By Gearóid McCarthy
On Saturday, September 12th Limerick lost a cultural luminary when the Stormy Teacup closed its doors for the final time. The artisan tea and coffee shop affectionately known as Stormy was quite possibly the nucleus of the city’s alternative scene, located on Foxes Bow in the city centre (next to what was Cellar Door, another artsy café which sadly closed less than a year ago). Its award-winning teas and quirky atmosphere attracted a unique clientele, but unfortunately it was not enough for Stormy to remain open.
To the very end, Stormy remained true to its independent spirit and its individual style gave it an enchanting quality. Whenever I climbed the stairs to the first floor, I felt as if I had been plunged into a brand new world. The colourful bookshelves and artworks provided a beautiful backdrop, as did the jars of tea organised behind the counter. The staff’s manner was atypical yet hospitable, adding a more personal dimension to my experiences at Stormy that I would not have had at any other café.
For its final day of business, Stormy was as lively as it ever was. Regulars gathered to listen to live music, say a final goodbye and admire the distinctive crafts and neatly organised bookshelves. It was perhaps an emotional farewell me more so than many people, as Stormy lay at the centre of my universe for much of the past year. It was at the top of those ridiculously steep stairs where many fond memories were had.
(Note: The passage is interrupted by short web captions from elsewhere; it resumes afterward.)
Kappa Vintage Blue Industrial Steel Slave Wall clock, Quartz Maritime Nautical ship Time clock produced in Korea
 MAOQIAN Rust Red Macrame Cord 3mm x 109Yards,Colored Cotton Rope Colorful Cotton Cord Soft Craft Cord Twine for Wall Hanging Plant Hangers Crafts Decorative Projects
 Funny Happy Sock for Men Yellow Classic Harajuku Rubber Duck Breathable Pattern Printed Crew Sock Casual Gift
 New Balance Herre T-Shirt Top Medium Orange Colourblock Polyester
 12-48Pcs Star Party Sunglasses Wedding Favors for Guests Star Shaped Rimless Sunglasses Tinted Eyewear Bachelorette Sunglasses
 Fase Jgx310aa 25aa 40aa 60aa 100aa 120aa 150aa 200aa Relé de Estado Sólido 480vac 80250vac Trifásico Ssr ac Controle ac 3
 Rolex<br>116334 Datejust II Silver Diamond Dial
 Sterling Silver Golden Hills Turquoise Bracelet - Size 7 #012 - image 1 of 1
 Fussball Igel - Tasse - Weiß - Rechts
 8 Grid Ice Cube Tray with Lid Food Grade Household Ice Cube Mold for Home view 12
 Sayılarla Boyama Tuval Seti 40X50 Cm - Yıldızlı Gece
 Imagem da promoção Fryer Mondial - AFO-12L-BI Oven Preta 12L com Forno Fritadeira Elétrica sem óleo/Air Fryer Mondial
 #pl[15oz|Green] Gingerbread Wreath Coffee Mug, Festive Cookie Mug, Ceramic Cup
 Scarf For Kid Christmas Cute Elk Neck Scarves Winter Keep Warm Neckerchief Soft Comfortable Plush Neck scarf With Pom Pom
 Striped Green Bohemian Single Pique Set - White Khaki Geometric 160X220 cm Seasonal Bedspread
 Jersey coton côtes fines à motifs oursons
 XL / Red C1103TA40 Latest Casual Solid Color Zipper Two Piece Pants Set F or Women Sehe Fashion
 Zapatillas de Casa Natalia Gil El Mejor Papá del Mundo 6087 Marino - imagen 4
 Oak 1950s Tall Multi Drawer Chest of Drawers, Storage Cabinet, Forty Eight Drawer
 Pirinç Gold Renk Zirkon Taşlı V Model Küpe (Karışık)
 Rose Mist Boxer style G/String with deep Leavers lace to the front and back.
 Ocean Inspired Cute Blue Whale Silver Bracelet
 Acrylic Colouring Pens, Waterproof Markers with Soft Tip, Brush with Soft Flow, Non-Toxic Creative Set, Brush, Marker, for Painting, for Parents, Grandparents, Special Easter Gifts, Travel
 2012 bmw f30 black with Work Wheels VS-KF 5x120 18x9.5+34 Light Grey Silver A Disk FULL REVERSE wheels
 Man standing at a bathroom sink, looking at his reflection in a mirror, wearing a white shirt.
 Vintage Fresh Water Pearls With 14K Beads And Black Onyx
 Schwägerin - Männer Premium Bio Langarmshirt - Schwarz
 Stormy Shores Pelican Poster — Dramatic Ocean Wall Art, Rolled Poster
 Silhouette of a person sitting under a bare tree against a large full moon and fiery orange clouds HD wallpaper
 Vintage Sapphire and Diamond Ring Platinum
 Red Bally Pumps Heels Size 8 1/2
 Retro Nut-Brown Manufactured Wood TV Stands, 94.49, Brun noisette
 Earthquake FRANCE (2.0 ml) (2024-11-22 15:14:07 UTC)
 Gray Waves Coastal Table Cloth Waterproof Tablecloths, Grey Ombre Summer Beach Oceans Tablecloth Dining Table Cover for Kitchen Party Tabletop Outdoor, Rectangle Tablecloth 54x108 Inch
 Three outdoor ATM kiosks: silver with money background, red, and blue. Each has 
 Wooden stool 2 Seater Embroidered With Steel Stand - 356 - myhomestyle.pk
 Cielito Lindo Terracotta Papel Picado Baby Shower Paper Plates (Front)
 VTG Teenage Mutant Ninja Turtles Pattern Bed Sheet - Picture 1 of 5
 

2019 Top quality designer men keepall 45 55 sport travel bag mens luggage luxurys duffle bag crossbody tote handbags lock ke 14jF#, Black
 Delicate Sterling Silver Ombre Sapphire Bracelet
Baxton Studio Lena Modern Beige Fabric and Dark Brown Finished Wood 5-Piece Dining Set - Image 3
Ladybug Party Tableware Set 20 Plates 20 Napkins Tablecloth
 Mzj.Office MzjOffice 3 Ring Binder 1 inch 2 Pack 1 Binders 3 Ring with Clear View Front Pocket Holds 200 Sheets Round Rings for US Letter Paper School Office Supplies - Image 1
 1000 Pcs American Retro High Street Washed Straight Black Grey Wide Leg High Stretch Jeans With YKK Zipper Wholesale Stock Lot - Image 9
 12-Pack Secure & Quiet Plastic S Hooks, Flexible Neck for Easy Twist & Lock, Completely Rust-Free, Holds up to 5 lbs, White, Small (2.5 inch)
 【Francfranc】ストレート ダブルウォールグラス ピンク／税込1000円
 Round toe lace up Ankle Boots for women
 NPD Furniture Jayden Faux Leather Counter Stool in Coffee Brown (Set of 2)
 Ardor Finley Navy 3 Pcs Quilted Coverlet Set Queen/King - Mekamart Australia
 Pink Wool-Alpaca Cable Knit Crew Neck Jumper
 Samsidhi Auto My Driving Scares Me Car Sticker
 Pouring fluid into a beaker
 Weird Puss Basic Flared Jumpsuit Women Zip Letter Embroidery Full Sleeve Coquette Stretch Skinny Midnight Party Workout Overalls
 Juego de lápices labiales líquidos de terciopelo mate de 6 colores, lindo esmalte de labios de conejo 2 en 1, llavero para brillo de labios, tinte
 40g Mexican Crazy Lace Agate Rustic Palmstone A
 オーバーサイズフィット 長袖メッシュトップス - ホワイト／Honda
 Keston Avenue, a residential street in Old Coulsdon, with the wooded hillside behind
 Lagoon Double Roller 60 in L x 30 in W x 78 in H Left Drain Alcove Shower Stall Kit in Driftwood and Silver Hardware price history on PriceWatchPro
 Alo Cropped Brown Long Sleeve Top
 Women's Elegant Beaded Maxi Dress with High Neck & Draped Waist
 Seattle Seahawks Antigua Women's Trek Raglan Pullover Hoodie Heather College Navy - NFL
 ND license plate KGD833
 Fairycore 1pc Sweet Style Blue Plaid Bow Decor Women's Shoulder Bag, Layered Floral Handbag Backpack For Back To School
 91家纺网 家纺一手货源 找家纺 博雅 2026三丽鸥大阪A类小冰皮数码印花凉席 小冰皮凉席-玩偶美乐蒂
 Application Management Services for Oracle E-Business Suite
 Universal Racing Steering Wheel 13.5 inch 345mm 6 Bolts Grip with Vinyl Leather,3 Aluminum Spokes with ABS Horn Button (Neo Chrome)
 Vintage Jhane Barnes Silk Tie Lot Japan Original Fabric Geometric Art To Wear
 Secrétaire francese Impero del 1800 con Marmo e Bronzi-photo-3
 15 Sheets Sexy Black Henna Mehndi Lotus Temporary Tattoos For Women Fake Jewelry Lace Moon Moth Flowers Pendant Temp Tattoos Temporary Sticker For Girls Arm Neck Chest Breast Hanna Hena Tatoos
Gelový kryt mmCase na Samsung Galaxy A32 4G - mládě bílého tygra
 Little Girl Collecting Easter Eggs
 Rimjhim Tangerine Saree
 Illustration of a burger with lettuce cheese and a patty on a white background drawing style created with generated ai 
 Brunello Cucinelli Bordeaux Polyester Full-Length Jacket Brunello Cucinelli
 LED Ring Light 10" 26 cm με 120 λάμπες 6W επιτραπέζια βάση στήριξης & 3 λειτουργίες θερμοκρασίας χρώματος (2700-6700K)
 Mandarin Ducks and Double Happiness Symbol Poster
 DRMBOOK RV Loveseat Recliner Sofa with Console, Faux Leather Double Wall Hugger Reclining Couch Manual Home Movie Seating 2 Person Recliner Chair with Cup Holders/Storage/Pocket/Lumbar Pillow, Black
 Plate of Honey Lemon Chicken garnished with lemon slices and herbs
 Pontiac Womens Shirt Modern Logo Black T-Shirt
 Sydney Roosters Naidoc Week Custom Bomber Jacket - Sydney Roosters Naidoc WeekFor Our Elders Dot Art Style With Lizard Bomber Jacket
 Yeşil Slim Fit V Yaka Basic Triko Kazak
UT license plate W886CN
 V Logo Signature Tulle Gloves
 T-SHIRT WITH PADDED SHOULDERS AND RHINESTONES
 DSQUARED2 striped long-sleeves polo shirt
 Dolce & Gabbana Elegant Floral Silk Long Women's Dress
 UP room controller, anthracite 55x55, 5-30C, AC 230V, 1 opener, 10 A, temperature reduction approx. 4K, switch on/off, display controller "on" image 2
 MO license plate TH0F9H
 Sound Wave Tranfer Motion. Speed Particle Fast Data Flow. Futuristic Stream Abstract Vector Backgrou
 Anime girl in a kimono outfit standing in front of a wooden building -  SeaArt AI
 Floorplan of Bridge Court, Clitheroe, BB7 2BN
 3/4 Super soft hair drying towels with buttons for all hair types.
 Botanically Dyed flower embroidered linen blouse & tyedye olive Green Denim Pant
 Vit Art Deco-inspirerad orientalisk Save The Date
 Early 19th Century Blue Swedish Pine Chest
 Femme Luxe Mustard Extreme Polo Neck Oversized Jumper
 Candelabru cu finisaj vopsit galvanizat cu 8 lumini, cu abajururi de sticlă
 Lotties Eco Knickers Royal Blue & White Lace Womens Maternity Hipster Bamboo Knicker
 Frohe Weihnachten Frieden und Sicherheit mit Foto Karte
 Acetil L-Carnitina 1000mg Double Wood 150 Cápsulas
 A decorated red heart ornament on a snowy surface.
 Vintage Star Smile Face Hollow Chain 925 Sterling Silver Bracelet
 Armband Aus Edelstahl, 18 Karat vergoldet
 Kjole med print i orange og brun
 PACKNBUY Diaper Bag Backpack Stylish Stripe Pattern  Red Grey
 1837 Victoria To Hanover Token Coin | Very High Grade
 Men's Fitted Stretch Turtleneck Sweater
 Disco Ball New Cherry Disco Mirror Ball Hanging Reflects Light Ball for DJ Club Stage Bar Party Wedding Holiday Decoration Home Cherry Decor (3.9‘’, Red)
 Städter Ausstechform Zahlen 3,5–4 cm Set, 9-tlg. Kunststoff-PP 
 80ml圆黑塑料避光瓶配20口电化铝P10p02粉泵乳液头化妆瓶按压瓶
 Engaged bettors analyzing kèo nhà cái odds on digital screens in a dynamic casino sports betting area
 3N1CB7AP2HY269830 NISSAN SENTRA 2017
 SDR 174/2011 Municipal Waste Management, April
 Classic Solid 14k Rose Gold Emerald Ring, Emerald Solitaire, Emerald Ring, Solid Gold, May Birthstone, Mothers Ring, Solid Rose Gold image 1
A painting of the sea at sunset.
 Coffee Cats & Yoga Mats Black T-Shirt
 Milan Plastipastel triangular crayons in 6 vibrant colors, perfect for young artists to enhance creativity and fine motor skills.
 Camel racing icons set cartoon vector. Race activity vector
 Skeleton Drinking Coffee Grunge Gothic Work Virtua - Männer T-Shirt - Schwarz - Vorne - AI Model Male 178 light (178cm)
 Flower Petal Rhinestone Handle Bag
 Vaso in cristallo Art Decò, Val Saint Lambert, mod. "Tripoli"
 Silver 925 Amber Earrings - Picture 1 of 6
Friendships were solidified and new acquaintances were made. It was an environment in which intellectual discussion thrived and creative ideas were spread. One of Stormy’s distinguishing aspects was the relaxing music, which generated a very special aura. The memories I associate with Stormy aside, some of the finest days I had were spent simply soaking up the tranquil ambiance with a mug of tea or white hot chocolate in front of me.
It is dispiriting to see Stormy close for more reasons than my personal affinity for the place. As the lights decorating its lane off Foxes Bow are switched off, it seems as if the once rich alternative culture of Limerick is in decline. For a city that hopes to bid for European City of Culture in 2020, Limerick has a lot of explaining to do when the likes of the Stormy Teacup cannot stay open and more chain stores and franchises are moving into the city. How can we call ourselves a city of culture if we do not support the most creative cultural enterprises in our community?
Sadly, none of this idealism will bring Stormy back. Now there is nothing left to say but thank you. Thank you to Ruth Crean and Martins Punculis for their amazing contribution to Limerick. Thank you to all the people who donated to the crowdfunding page in the earliest beginnings of Stormy and made Ruth and Martins’ idea possible. Lastly, thank you to everyone who supported the Stormy Teacup over the past year and a half, for you all made it the special place it was.